-- Task item --
Print word for word the first line of the records below and every following line through the one containing "azul marino Bolsa de viaje"; print nothing else.

#### Given records

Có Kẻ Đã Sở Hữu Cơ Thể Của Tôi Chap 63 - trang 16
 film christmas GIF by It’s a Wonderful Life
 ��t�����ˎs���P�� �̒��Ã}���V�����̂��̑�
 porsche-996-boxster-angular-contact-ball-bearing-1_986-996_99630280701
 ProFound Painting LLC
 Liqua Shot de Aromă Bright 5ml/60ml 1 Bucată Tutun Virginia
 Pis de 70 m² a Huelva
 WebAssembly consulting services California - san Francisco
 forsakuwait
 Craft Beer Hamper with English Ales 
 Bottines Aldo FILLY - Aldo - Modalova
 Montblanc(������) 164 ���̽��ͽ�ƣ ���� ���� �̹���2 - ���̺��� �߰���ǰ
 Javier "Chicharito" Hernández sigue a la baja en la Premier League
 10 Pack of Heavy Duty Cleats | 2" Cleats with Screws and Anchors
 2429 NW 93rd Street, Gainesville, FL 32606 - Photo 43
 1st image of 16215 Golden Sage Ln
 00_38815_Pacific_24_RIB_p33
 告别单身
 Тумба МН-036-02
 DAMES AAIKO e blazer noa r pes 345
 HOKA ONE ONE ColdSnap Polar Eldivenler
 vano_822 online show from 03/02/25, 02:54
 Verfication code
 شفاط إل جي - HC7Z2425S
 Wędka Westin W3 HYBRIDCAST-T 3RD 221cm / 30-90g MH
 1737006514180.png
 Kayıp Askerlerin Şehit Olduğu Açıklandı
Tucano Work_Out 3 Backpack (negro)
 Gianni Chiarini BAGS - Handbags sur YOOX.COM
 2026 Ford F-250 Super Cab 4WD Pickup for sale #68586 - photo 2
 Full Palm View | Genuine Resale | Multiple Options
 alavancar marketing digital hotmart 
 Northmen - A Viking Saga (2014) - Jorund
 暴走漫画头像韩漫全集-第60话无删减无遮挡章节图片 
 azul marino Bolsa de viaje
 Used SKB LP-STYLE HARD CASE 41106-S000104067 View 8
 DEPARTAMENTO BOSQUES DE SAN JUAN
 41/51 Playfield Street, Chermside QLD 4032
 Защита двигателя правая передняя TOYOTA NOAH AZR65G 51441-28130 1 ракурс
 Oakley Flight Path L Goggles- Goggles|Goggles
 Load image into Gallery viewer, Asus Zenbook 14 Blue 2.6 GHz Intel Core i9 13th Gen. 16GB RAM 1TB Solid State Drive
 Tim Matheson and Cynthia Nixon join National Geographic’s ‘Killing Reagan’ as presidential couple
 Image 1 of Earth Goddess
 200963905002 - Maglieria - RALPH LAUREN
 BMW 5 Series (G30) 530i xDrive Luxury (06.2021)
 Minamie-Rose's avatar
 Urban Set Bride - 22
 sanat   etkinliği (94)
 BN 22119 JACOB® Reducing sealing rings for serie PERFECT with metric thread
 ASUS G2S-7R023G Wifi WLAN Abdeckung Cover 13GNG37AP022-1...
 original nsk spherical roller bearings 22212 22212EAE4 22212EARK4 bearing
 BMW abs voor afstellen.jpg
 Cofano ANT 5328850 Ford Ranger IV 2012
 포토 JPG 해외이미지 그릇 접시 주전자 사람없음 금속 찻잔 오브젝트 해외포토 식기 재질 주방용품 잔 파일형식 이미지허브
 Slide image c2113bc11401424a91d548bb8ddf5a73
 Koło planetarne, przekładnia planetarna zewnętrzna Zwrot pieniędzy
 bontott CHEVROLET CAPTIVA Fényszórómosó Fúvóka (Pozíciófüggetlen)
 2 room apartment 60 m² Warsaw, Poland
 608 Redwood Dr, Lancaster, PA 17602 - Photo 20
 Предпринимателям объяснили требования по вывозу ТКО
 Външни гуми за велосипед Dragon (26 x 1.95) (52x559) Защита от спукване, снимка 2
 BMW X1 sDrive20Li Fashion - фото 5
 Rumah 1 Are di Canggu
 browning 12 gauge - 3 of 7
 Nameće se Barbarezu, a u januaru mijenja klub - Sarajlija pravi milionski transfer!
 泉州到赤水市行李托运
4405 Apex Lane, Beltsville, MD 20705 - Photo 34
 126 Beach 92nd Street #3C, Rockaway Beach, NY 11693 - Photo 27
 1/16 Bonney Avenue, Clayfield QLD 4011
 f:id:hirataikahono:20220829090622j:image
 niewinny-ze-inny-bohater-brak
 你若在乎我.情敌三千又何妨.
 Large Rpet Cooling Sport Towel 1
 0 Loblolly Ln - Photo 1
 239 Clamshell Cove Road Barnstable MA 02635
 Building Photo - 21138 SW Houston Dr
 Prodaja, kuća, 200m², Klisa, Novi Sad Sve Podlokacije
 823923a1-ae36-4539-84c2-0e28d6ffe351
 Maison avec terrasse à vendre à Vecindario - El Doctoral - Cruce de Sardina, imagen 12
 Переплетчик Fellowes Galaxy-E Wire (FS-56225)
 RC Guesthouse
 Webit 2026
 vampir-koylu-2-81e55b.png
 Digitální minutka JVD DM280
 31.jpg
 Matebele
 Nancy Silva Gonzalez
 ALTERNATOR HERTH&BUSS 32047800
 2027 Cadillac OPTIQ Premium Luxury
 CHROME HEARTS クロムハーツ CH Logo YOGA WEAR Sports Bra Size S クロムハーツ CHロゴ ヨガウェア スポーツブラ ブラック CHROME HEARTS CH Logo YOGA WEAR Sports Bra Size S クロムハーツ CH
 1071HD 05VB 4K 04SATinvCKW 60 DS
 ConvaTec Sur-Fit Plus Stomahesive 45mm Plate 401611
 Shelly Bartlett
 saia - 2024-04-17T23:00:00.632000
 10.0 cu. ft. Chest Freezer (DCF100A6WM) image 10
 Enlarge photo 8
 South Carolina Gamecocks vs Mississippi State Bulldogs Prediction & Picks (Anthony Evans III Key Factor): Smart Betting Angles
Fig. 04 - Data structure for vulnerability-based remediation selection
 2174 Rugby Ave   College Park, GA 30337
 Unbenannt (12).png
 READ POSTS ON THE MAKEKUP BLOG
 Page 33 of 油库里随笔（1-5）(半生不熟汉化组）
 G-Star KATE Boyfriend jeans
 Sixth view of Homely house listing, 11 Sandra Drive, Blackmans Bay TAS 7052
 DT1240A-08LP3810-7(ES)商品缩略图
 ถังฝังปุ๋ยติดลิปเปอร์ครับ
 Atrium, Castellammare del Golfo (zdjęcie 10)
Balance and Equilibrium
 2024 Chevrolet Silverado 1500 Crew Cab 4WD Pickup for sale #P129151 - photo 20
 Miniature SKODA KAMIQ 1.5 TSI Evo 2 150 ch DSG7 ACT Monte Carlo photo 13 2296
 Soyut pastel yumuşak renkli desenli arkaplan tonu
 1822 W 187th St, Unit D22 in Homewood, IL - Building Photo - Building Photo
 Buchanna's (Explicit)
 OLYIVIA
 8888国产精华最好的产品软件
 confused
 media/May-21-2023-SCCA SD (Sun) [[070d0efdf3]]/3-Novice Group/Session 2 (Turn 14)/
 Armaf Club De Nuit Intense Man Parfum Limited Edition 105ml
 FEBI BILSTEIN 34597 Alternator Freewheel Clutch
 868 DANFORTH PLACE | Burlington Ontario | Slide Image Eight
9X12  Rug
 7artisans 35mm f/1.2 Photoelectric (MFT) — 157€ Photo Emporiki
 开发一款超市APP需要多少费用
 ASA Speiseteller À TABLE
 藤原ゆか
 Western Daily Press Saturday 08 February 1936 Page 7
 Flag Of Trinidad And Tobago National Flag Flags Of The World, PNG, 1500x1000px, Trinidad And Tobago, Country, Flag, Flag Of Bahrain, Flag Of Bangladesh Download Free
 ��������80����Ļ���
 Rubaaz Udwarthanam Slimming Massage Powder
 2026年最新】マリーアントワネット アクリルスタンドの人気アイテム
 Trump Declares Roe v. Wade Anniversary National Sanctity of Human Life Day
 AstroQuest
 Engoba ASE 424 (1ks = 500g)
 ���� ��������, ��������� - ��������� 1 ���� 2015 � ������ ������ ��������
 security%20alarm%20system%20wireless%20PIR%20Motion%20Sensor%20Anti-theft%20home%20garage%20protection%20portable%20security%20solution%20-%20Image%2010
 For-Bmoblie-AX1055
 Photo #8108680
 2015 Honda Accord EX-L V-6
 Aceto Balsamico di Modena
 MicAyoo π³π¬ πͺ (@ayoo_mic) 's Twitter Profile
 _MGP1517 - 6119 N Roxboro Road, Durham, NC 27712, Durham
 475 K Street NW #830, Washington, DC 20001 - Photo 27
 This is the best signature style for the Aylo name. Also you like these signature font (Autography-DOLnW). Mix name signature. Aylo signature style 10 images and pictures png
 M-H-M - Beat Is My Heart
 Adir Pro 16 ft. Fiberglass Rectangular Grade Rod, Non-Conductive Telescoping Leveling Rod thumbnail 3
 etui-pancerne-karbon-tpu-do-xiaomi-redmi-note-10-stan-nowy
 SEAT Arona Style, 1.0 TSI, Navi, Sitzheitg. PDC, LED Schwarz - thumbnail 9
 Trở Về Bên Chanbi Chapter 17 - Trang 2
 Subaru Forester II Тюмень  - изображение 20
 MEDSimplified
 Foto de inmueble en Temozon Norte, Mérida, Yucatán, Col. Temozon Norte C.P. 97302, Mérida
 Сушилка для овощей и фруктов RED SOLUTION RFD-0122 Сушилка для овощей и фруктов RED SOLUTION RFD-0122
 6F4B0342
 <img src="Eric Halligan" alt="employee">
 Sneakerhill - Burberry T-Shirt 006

########

-- Response for this exercise --
Có Kẻ Đã Sở Hữu Cơ Thể Của Tôi Chap 63 - trang 16
 film christmas GIF by It’s a Wonderful Life
 ��t�����ˎs���P�� �̒��Ã}���V�����̂��̑�
 porsche-996-boxster-angular-contact-ball-bearing-1_986-996_99630280701
 ProFound Painting LLC
 Liqua Shot de Aromă Bright 5ml/60ml 1 Bucată Tutun Virginia
 Pis de 70 m² a Huelva
 WebAssembly consulting services California - san Francisco
 forsakuwait
 Craft Beer Hamper with English Ales 
 Bottines Aldo FILLY - Aldo - Modalova
 Montblanc(������) 164 ���̽��ͽ�ƣ ���� ���� �̹���2 - ���̺��� �߰���ǰ
 Javier "Chicharito" Hernández sigue a la baja en la Premier League
 10 Pack of Heavy Duty Cleats | 2" Cleats with Screws and Anchors
 2429 NW 93rd Street, Gainesville, FL 32606 - Photo 43
 1st image of 16215 Golden Sage Ln
 00_38815_Pacific_24_RIB_p33
 告别单身
 Тумба МН-036-02
 DAMES AAIKO e blazer noa r pes 345
 HOKA ONE ONE ColdSnap Polar Eldivenler
 vano_822 online show from 03/02/25, 02:54
 Verfication code
 شفاط إل جي - HC7Z2425S
 Wędka Westin W3 HYBRIDCAST-T 3RD 221cm / 30-90g MH
 1737006514180.png
 Kayıp Askerlerin Şehit Olduğu Açıklandı
Tucano Work_Out 3 Backpack (negro)
 Gianni Chiarini BAGS - Handbags sur YOOX.COM
 2026 Ford F-250 Super Cab 4WD Pickup for sale #68586 - photo 2
 Full Palm View | Genuine Resale | Multiple Options
 alavancar marketing digital hotmart 
 Northmen - A Viking Saga (2014) - Jorund
 暴走漫画头像韩漫全集-第60话无删减无遮挡章节图片 
 azul marino Bolsa de viaje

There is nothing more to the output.